Sur les 23 candidatures présentées, 10 ont été invalidées et un seul candidat s’est retiré de lui-même.

Le premier tour de l’élection présidentielle égyptienne se tiendra sur deux jours, les 23 et 24 mai avec, si aucun candidat n’obtient la majorité absolue, un second tour les 16 et 17 juin.

Le suffrage est ouvert aux Egyptiennes et Egyptiens âgés de 18 ans et plus, soit près de 51 millions de personnes. Le vote des expatriés pour le premier tour s’est tenu du 11 au 17 mai dans les ambassades et consulats d’Egypte.

Les bureaux de vote ont ouvert à 08H00 locales (06H00 GMT) pour fermer à 20H00 (18H00 GMT).

Les résultats du premier tour doivent être officiellement annoncés le 27 mai, ceux du second le 21 juin.

De nombreuses ONG égyptiennes et étrangères ont été autorisées à surveiller le déroulement des élections qui se tiennent sous la supervision de 14.500 magistrats.
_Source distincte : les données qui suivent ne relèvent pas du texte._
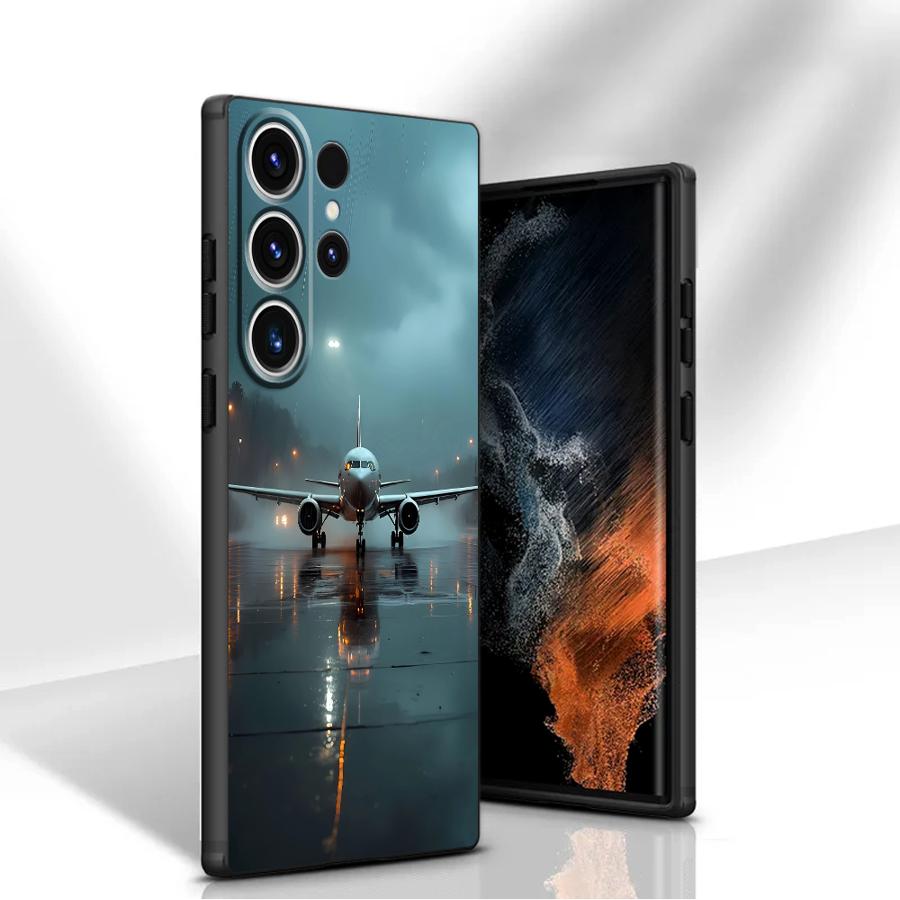 phone case cool airplane pattern phone cover case suitable for samsung for galaxy s25 s25 s24 s25 ultra s20 s22 s21 s10 lite s10e s9 s26 s23 fe s24 plus note   9 8
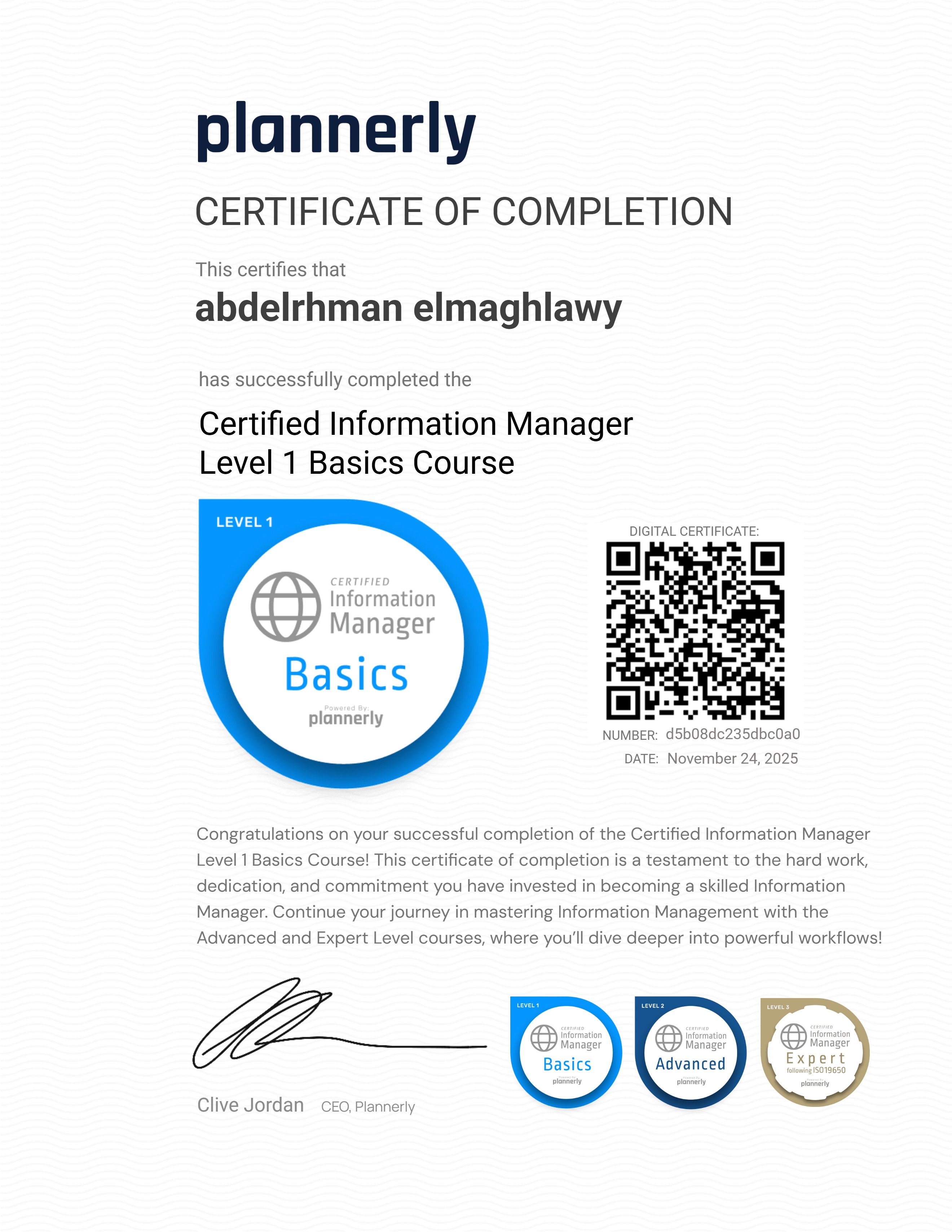 Level 1 Information Manager - Basics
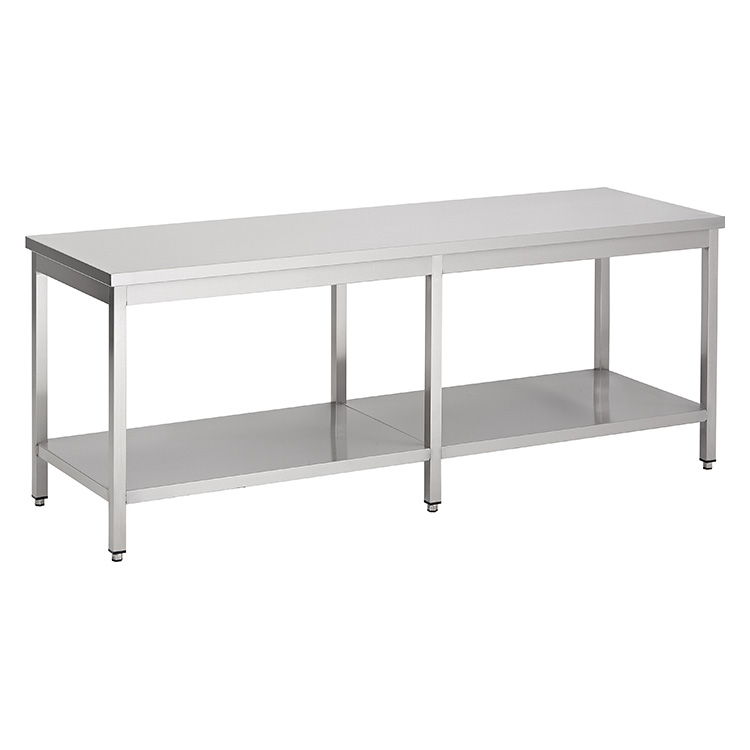 Gastro-Inox RVS werktafel met onderblad 2200 x 700 x 850 mm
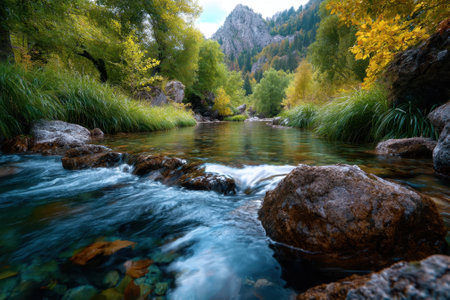 Crystal-clear waters of a river cascade over rocks, surrounded by lush autumn foliage and mountains.の写真素材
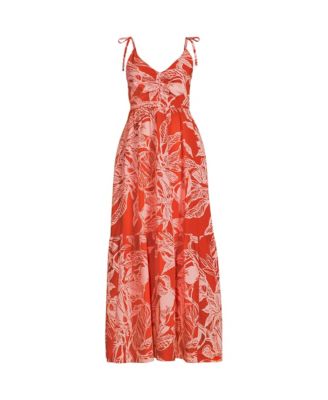Women's Cotton Voile Vneck Tie Strap Maxi Dress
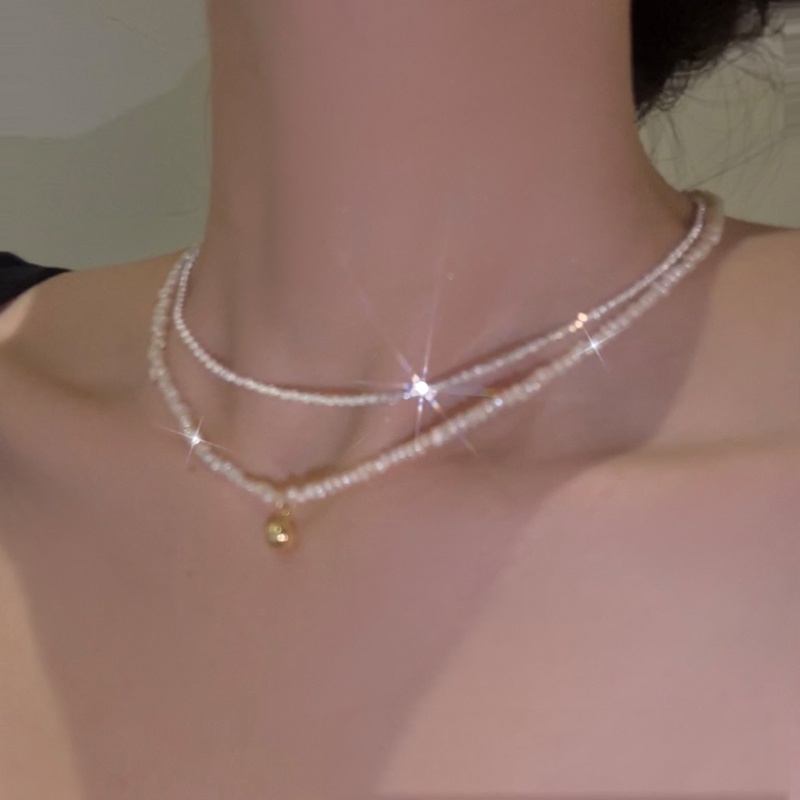 Roselife Kalung Choker Rantai Pendek Wanita Hias Mutiara Kristal Gaya Klasik Untuk Pesta Pernikahan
D’après Farouk Soltane, président de la haute commission électorale, quelque 13.099 bureaux de vote et un comité judiciaire central dans chaque gouvernorat ont été mis en place dans le cadre de cette échéance, jugée cruciale dans un pays qui vit dans l’instabilité depuis plusieurs mois.

La même source a précisé que 65.000 personnes ont été également mobilisées pour assurer le succès de ce scrutin, faisant état d’une étroite collaboration avec les forces armées pour sécuriser l’opération électorale, notamment les bureaux de vote et le transport des urnes.

Fin avril, la Commission supérieure pour l’élection présidentielle a invité des organisations non gouvernementales (ONG) égyptiennes et étrangères à effectuer une mission d’observation.

Pour la première fois, ces organisations ont été autorisées à superviser toutes les étapes de l’élection présidentielle en Egypte, depuis la campagne électorale jusqu’au décompte des voix.